Lars Aronsson a écrit :
Hi Thomas,
The new Ajax-OCR service does not use a robot to create pages; it sends the OCR text directly in the edit box, so that it can be proofread by the user. It has its own job queue, which can be seen here : http://toolserver.org/~thomasv/ocr.php
Oh, great, I didn't know this existed. For which languages does it work? Does it scale to other languages? Does your OCR engine get any feedback from proofreading? Is there any documentation of how this works?
it is installed at 11 subdomains. see OCR.js at http://wikisource.org/wiki/Wikisource:Shared_Scripts
If you want to upload or improve OCR, you should update the OCR layer of the DjVu file. Thus, you do not need to create dozens of pages with a robot.
Yes, in my dreams. And ultimately the new Djvu would be fed back to the place (Internet Archive, Google, ...) where it came from.

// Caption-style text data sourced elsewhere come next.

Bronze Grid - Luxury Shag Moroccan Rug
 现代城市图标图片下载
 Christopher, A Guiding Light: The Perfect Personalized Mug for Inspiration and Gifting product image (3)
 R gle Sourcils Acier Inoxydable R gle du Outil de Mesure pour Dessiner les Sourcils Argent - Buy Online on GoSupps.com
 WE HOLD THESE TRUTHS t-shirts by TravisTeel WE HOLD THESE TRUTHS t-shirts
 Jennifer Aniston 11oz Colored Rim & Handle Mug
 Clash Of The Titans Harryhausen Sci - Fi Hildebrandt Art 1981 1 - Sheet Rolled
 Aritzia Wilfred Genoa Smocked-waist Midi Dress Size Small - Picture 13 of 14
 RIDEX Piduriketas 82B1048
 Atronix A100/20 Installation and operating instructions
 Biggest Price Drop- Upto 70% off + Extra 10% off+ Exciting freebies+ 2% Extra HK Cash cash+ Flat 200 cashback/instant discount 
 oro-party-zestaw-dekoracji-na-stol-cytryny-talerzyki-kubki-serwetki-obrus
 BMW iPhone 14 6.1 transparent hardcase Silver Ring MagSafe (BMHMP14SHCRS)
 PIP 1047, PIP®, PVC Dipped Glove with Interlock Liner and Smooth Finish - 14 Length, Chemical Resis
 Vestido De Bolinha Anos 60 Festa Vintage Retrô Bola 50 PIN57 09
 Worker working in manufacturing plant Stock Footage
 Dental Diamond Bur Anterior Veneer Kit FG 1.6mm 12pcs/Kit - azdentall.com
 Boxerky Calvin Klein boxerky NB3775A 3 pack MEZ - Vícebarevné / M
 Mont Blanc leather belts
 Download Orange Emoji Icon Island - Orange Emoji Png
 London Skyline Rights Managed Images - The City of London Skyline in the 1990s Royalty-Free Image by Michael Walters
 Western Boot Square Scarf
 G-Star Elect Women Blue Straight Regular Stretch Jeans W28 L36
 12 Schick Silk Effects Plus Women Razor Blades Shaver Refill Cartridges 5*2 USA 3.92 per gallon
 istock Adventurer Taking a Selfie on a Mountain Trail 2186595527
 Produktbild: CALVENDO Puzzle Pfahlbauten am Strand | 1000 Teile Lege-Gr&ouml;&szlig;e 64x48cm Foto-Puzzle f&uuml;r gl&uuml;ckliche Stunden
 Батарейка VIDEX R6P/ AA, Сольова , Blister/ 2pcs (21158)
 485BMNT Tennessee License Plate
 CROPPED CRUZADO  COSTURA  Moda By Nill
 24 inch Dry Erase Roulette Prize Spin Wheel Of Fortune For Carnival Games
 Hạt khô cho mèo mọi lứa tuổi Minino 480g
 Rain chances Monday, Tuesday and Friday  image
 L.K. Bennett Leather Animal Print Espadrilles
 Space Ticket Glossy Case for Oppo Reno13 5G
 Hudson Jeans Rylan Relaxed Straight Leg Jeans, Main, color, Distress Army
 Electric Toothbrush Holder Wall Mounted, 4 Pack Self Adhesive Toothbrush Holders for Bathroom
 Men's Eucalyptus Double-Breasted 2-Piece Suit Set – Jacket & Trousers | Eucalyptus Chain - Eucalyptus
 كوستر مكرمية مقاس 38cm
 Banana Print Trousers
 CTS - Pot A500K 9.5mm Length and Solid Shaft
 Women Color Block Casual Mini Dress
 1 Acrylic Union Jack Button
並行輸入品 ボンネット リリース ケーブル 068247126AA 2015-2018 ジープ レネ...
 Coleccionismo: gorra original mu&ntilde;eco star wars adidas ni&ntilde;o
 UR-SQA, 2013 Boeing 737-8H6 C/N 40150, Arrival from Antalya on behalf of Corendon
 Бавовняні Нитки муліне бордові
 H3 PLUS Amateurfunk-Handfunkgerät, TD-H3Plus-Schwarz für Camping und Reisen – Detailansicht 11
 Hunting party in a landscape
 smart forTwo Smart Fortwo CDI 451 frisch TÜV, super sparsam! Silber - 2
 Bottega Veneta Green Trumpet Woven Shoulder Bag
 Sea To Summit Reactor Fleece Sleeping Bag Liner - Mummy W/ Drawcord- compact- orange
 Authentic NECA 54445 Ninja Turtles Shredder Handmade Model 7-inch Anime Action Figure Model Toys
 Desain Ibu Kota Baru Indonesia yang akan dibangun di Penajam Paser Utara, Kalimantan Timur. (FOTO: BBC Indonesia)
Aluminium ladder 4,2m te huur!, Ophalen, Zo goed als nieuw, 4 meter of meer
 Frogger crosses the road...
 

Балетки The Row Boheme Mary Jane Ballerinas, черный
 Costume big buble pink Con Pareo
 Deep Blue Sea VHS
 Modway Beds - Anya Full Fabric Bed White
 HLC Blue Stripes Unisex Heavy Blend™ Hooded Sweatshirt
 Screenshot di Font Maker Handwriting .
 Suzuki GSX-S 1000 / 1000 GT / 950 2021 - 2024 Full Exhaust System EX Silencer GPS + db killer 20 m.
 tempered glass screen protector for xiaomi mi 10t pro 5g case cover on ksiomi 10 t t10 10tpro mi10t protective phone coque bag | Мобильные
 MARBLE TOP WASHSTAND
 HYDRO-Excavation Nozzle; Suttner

But how would this work?
If (in my science fiction dreams) Commons had an API that would accept new OCR for a page of a Djvu file, your Ajax routine as well as the standard proofreading form could do this right away. One major problem is that our proofreading (and some OCR software) loses the image coordinates of the words in the text.
this is not a dream, it is a very common operation. I believe there is a help page at en.ws, that describes how to update the text layer of a djvu file. once you've done this, you just need to upload the modified djvu as a new version of the file. The fact that image coordinates are lost in the process is not a problem for wikisource.